- _Problem_
Below is a listing. Return the lines from the one that contains "Calathea Rufibarba" to the one that contains "Exportações brasileiras de", both ends included, verbatim and with no pictures.

- _Materials provided_
====

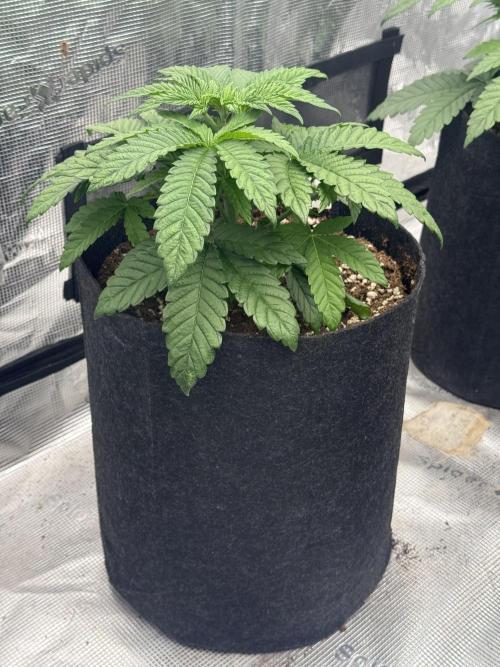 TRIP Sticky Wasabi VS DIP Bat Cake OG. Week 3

====

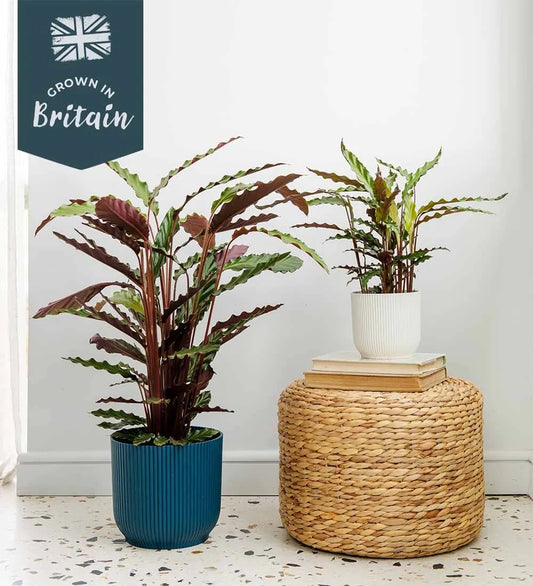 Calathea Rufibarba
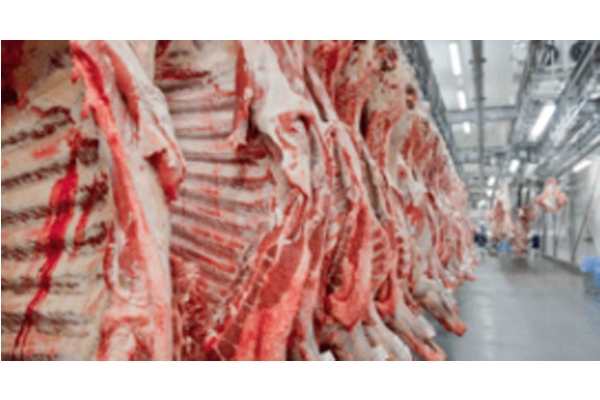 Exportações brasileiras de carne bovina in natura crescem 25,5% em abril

====

- _Output_
 Calathea Rufibarba
 Exportações brasileiras de carne bovina in natura crescem 25,5% em abril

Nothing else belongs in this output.